3. Musical Gesture
But how then does a musician’s embodied experience in performance affect the creation and shaping of musical structure? Rolf-Inge Godøy proposes an analytical perspective: ‘we talk of coarticulated gestural-sonic objects in the sense of units based on the convergence of sound and movement into holistically perceived chunks’ (Godøy, 2011, p. 67). This process of segmenting gestural-sonic objects, out of continuous streams of sound and movement, is similar to a process of recognizing dance patterns and gestures implied in musical structure.
The physical nature of coarticulated chunks of sound and movement is also given by their temporal definition, that sets their natural durations within a range of a couple of seconds. ‘Coarticulated gestural-sonic objects are conceived of as units with regards to both perception and motor control, [materialized as] various kinds of ornaments, motives, rhythmical figures, and textual fragments’ (Godøy, 2011, p. 67).

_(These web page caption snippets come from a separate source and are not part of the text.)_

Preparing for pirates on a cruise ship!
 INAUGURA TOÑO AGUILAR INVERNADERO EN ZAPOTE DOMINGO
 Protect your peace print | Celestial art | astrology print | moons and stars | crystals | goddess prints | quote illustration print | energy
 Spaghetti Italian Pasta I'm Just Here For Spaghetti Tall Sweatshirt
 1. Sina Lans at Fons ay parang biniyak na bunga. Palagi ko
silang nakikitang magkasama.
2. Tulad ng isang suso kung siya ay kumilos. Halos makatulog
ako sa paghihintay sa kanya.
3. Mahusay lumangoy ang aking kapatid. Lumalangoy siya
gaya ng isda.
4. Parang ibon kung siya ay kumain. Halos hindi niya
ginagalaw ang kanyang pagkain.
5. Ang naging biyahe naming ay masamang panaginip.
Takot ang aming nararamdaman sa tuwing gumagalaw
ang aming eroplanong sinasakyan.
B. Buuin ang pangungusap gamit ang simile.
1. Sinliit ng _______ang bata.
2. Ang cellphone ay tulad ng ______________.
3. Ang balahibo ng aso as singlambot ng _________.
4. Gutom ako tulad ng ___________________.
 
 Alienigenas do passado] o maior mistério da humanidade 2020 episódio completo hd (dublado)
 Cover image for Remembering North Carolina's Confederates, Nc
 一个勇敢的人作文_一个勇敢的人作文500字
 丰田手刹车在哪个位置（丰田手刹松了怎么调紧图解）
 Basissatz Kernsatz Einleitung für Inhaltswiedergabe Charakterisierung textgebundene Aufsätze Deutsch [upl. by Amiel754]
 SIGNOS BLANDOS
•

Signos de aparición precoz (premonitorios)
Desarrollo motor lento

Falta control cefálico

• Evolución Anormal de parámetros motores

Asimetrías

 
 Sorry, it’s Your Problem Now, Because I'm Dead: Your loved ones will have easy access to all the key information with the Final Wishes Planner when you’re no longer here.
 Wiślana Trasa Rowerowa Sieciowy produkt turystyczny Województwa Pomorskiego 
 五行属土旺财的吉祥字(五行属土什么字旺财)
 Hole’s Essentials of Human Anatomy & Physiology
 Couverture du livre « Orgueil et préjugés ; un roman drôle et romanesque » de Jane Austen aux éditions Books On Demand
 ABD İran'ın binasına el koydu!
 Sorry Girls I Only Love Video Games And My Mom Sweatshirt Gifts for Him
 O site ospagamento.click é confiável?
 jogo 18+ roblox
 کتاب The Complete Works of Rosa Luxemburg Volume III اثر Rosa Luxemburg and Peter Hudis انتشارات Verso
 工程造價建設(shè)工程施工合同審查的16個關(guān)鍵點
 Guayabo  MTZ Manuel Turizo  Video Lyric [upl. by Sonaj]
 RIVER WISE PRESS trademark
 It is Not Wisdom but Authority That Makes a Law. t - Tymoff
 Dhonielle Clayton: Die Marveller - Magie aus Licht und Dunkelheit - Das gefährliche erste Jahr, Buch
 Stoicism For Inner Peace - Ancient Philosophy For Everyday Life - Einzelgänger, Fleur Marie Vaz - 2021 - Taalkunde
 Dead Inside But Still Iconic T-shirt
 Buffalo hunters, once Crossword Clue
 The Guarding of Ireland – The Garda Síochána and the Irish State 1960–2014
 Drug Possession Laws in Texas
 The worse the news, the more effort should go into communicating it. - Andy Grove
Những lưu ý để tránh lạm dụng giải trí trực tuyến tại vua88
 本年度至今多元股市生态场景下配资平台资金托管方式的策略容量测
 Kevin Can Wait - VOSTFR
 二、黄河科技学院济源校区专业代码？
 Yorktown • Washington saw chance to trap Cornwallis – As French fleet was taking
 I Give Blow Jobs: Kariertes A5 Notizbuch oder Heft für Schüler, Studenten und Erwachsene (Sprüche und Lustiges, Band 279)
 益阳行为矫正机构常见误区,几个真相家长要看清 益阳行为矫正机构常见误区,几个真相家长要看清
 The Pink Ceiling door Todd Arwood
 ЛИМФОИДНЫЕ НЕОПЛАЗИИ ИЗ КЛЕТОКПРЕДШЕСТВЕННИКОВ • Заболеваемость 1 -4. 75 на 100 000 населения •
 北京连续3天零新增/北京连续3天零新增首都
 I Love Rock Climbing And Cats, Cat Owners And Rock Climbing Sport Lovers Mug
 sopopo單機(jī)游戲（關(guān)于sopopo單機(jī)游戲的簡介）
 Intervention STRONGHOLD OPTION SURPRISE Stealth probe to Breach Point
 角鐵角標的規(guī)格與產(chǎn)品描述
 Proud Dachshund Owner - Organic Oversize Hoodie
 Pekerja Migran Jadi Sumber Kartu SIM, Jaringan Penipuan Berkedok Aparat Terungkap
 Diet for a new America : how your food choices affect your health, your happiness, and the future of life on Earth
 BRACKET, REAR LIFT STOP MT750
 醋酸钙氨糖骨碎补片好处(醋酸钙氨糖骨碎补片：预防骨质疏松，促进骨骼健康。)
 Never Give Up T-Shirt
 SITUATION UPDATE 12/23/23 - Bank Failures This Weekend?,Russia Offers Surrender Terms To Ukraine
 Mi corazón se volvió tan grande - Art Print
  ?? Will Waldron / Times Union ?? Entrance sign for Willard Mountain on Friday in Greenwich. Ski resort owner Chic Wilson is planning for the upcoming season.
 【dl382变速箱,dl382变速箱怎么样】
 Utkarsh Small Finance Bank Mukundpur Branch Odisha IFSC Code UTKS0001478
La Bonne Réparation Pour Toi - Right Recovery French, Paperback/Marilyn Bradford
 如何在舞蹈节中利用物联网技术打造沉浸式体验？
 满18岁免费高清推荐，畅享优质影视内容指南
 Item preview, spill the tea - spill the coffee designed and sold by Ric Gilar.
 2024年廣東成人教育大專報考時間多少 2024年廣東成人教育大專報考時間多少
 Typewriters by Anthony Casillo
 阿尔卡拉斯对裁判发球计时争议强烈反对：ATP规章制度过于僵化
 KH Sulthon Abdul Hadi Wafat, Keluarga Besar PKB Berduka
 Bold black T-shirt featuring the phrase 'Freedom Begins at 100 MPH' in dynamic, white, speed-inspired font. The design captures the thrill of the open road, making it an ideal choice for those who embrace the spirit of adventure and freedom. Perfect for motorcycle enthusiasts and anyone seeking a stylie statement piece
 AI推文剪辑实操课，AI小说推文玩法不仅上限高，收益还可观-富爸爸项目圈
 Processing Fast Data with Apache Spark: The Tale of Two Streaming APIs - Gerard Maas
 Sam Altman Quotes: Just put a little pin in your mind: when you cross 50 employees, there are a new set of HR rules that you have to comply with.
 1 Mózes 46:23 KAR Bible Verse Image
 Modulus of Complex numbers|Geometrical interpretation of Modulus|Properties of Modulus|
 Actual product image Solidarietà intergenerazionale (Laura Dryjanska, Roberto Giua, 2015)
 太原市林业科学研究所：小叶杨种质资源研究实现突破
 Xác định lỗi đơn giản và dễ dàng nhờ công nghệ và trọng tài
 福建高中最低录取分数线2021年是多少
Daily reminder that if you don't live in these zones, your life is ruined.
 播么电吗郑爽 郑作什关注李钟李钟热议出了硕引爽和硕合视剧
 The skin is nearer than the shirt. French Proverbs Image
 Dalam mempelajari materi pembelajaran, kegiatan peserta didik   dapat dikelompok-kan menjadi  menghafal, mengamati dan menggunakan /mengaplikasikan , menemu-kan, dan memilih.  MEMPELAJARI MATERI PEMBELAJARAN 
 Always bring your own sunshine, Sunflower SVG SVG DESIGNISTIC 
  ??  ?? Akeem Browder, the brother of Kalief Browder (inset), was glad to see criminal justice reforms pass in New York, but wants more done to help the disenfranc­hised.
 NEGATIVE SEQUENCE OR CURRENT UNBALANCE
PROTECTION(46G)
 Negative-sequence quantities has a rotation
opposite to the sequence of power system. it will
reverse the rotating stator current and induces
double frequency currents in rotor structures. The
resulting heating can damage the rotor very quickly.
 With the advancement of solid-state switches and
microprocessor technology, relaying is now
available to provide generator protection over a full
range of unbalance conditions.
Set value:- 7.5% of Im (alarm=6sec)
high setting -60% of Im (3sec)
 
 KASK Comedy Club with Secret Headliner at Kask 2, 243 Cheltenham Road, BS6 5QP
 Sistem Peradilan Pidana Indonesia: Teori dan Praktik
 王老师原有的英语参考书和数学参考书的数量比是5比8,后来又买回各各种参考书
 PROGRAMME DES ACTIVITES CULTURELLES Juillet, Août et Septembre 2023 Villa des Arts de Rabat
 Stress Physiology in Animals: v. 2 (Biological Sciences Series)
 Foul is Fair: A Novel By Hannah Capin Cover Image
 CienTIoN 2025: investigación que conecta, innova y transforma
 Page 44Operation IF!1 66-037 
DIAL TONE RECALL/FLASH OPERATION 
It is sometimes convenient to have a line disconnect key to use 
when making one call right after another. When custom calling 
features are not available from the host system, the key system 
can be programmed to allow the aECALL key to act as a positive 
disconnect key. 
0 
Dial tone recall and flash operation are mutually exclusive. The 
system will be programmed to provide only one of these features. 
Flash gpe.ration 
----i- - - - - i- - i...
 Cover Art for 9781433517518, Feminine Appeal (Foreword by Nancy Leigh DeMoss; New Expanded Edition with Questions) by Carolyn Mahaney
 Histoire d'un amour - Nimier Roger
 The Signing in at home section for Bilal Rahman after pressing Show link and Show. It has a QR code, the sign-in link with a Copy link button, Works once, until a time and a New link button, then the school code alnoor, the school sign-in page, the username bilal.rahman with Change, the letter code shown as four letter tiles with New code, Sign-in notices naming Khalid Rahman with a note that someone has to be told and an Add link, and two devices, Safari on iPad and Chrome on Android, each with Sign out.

Studies on the function of dance movement in musical perception indicate that musical structures can be interpreted from movement: ‘the anticipation may also be guided by body movements, and that this type of anticipation, due to its link with movement, is highly effective for facilitating and disambiguating perception’ (Leman, 2014, p. 239). Östersjö (2016), takes this observation further in a paper discussing the function of action chunks in musical performance:
Although chunking is certainly related to the auditory stimuli, it should not be understood as equivalent to phrasing or articulation; it is instead inherently related to movement, starting at one point and stopping at another (Östersjö, 2016, p. 484).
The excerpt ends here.